As programmers, we are writing code to solve problems for other people (sometimes ourselves if we can find the time). The same section of code matters differently to different people. Person A only cares that the answer is correct. Maybe they're notified when it's ready, but they're pretty indifferent to when they receive it. Person B needs the answer soon after requesting it. Our test only completely satisfies Person A.

There can be a lot of stakeholders when it comes to writing code. Unfortunately, we can't say with confidence, even at 100% code coverage, that our code is going to be compatible with everyone's needs.

After all of the harping on why code coverage is useless as a target. I need to wrap up by saying...

Code coverage can actually be useful

I prefer to leverage code coverage as a metric. Coverage is something that we're aware of, something that we can use to make informed decisions about each codebase.

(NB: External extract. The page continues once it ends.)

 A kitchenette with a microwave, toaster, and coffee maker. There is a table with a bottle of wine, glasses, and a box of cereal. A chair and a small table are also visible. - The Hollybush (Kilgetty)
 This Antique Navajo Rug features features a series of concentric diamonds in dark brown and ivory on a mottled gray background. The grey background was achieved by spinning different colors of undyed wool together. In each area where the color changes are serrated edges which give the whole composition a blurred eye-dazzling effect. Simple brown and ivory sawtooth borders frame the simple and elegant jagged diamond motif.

If we notice that one codebase is consistently dropping in coverage, we can take that as a sign to look a little deeper into what's going on. Is the codebase incredibly hard to test? Are the developers just not putting forth the effort to test, even when it makes sense? Maybe it's actually what we would expect from that code base, so everything is gravy.

Coverage can also just let us know if we're doing an adequate amount of testing. If a mission-critical application only has 10% coverage, we should investigate the reasons for that and potentially start a quality initiative and gets some tests strapped on. It allows us to prioritize our testing initiatives without just randomly picking a codebase and start throwing tests at it.

The entire point of all of this is that setting coverage targets will just be counterproductive to your goals. We should be aware of coverage so that we can make informed decisions, but not let it impact the quality of our code just for the sake of coverage attainment.